PLYMOUTH MEETING, Pa.,
Nov. 17, 2014 /PRNewswire/
-- Inovio Pharmaceuticals, Inc. (NASDAQ: INO) announced today
the company and Roche have terminated their 2013 collaboration,
option, and license agreement to co-develop INO-5150, Inovio's DNA
immunotherapy targeting prostate cancer, as well as their research
collaboration in prostate cancer. All of Roche's rights to
INO-5150, including the right to license the product to other
parties, will be returned to Inovio. Inovio plans to
independently advance INO-5150 into a phase I clinical trial in the
first half of 2015.
Inovio and Roche will continue to collaborate and co-develop
Inovio's DNA immunotherapy (INO-1800) against hepatitis B virus
under their existing license agreement. The partnership is on track
to move INO-1800 collaboratively into a phase I study in 2015.
Dr. J. Joseph Kim, Inovio's
president & CEO, said, "The Inovio/Roche partnership will
continue to thrive focusing on the development of INO-1800 for the
treatment of hepatitis B. In addition to recently demonstrating
clinical efficacy and the ability to induce potent antigen specific
CD8+ T cell responses in our VGX-3100 phase II study, Inovio will
be moving a broad portfolio of immuno-oncology products through
development, including INO-3112 (head/neck and cervical cancers),
INO-1400 (breast, lung and pancreatic cancers) and INO-5150
(prostate cancer). We believe that these products along with
pre-phase III VGX-3100 will further our growth and represent
opportunities for additional value-adding partnerships."

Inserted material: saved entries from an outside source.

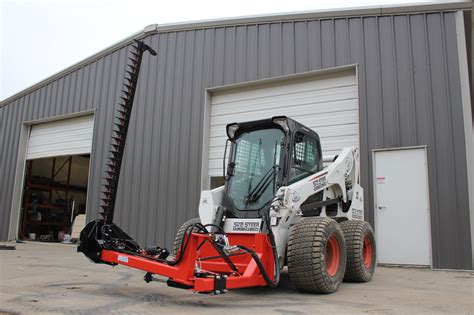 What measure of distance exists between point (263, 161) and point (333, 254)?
1.49 meters

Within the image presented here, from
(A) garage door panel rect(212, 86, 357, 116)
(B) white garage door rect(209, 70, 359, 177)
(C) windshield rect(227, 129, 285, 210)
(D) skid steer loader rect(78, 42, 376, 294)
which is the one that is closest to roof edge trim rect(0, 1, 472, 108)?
(B) white garage door rect(209, 70, 359, 177)

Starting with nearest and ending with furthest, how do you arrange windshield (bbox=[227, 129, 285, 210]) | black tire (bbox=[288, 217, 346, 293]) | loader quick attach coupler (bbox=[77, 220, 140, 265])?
1. loader quick attach coupler (bbox=[77, 220, 140, 265])
2. black tire (bbox=[288, 217, 346, 293])
3. windshield (bbox=[227, 129, 285, 210])

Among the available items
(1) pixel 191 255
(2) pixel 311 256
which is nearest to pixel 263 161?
(2) pixel 311 256

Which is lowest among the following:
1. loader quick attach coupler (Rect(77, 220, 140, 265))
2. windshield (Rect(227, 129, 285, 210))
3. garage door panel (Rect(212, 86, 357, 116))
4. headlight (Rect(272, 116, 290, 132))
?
loader quick attach coupler (Rect(77, 220, 140, 265))

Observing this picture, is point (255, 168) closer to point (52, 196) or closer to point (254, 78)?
point (254, 78)

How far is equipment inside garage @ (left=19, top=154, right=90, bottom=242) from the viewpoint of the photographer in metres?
17.7

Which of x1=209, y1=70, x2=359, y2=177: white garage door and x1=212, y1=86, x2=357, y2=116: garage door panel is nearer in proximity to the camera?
x1=209, y1=70, x2=359, y2=177: white garage door

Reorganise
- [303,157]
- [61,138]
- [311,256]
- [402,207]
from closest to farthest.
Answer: [311,256]
[303,157]
[402,207]
[61,138]

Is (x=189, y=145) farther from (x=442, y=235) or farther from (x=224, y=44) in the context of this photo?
(x=442, y=235)

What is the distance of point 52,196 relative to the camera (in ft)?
67.4

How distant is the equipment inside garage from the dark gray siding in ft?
5.93

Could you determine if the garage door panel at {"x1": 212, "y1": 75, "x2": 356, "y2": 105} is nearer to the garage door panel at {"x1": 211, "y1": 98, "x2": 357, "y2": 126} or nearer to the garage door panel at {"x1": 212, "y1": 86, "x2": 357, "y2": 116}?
the garage door panel at {"x1": 212, "y1": 86, "x2": 357, "y2": 116}

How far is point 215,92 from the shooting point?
12086 mm

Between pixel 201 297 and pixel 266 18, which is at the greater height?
pixel 266 18
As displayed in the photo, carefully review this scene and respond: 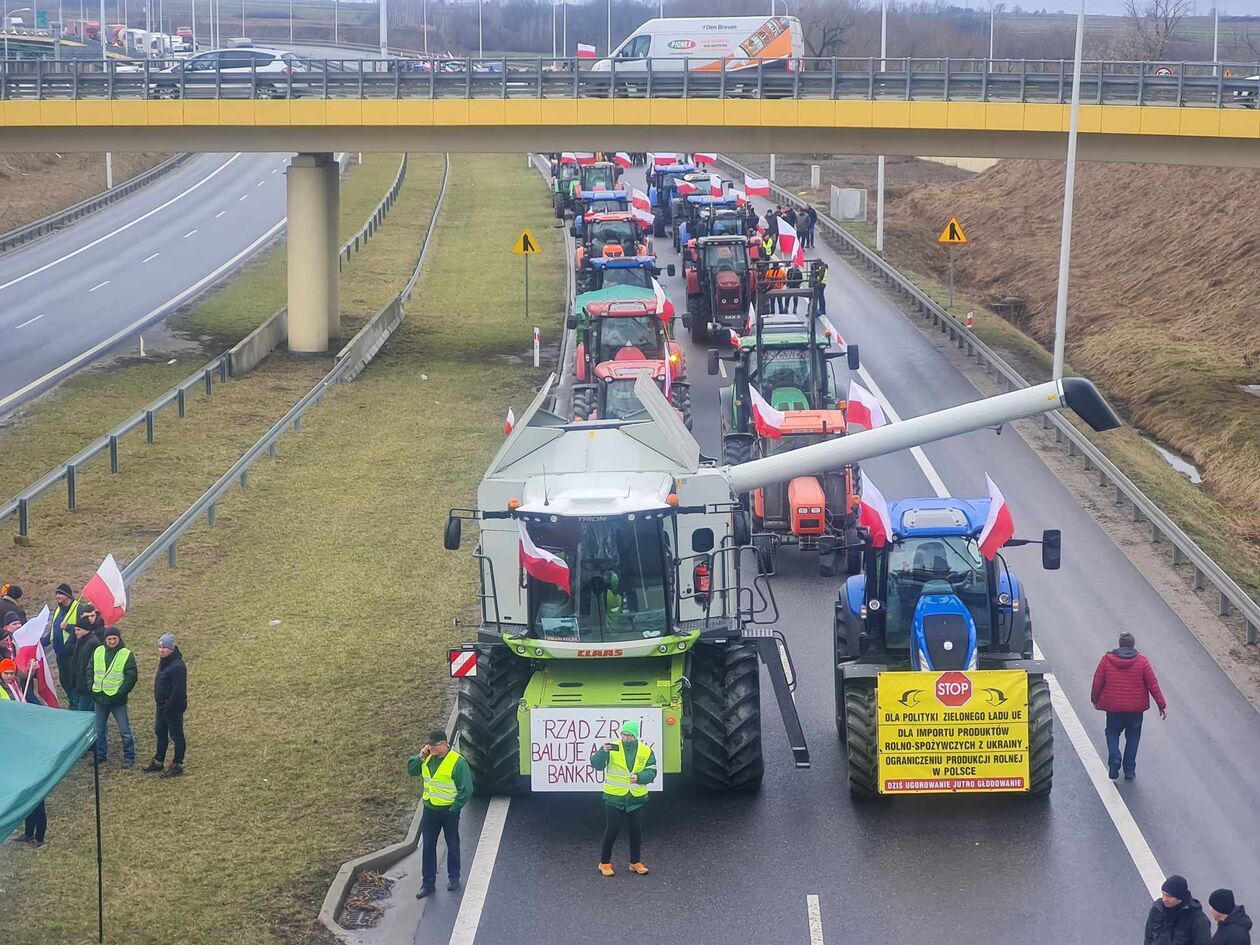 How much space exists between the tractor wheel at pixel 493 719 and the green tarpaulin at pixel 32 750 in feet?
11.8

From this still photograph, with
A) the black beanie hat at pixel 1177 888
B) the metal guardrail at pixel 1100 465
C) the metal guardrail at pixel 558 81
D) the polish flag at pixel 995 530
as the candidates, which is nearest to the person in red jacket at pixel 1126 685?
the polish flag at pixel 995 530

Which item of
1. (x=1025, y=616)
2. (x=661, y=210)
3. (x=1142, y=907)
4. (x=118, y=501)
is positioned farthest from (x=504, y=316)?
(x=1142, y=907)

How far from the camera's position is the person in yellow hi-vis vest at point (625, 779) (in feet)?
47.9

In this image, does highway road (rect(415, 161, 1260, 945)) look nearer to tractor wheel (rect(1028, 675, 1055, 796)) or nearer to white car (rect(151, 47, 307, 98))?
tractor wheel (rect(1028, 675, 1055, 796))

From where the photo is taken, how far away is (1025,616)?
58.2 ft

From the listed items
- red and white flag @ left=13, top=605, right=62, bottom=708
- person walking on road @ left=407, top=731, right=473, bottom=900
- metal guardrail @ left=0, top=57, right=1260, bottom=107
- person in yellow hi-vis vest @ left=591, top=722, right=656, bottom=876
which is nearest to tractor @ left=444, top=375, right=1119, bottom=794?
person in yellow hi-vis vest @ left=591, top=722, right=656, bottom=876

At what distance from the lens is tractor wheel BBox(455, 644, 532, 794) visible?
1619 centimetres

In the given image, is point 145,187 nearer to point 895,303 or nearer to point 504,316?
point 504,316

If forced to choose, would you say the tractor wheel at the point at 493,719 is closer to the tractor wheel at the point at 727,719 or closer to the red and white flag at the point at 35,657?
the tractor wheel at the point at 727,719

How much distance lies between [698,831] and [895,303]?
111 feet

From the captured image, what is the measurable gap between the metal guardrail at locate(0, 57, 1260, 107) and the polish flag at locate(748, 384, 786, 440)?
15.3 m

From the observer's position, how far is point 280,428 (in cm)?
3281

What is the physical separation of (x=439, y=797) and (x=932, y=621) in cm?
501

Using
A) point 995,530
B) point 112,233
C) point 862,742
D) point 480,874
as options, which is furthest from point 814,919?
point 112,233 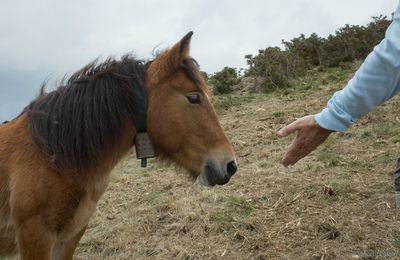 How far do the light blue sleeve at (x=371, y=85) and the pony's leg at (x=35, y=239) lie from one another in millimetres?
2001

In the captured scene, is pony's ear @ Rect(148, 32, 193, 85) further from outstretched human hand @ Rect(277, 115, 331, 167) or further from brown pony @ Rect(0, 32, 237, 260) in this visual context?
outstretched human hand @ Rect(277, 115, 331, 167)

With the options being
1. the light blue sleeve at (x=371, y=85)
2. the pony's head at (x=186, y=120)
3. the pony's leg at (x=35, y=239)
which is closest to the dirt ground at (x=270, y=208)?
the pony's head at (x=186, y=120)

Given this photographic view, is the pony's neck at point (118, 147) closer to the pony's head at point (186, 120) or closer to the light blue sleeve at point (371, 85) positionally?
the pony's head at point (186, 120)

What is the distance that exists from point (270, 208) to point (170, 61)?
2404mm

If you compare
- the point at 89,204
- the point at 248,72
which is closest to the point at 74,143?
the point at 89,204

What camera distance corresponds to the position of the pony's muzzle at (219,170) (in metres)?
3.03

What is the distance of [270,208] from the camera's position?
4934mm

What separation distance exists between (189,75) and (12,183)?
1441mm

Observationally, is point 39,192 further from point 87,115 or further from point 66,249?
point 66,249

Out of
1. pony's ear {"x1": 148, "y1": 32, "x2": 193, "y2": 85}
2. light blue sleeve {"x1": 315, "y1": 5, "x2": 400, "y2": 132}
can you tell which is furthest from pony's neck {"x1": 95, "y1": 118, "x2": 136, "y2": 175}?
light blue sleeve {"x1": 315, "y1": 5, "x2": 400, "y2": 132}

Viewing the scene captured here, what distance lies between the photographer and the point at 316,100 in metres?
9.12

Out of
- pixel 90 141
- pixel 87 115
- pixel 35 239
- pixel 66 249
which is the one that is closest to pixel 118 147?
pixel 90 141

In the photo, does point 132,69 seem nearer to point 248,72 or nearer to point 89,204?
point 89,204

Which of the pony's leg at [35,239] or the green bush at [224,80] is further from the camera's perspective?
the green bush at [224,80] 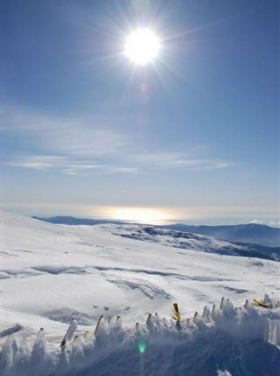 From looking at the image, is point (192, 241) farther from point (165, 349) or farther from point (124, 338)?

About INO-5150 for Prostate Cancer
Inovio's
dual-antigen synthetic DNA immunotherapy (INO-5150) targets
prostate-specific membrane antigen (PSMA) and prostate-specific
antigen (PSA). A study in monkeys showed that vaccination with
INO-5150 generated strong and robust T-cell immune responses that
were the highest generated by a PSA-targeting immunotherapy in
animal studies and were similar to the immune responses generated
by VGX-3100, Inovio's phase II-completed HPV immunotherapy that
generated best-in-class T-cell responses.
Inovio's SynCon® DNA vaccine for prostate cancer was designed
with PSA and PSMA synthetic consensus immunogens based on human and
macaque sequences, resulting in amino acid sequences that differ
slightly from the native human protein. In humans, this novel
approach is utilized to help the body's immune system recognize
cancerous cells created in the body as 'foreign', overcoming the
body's self-tolerance of these cells and mounting an immune
response to clear them.
About INO-1800 for Hepatitis B
Inovio has reported
preclinical data showing its hepatitis B vaccine (INO-1800)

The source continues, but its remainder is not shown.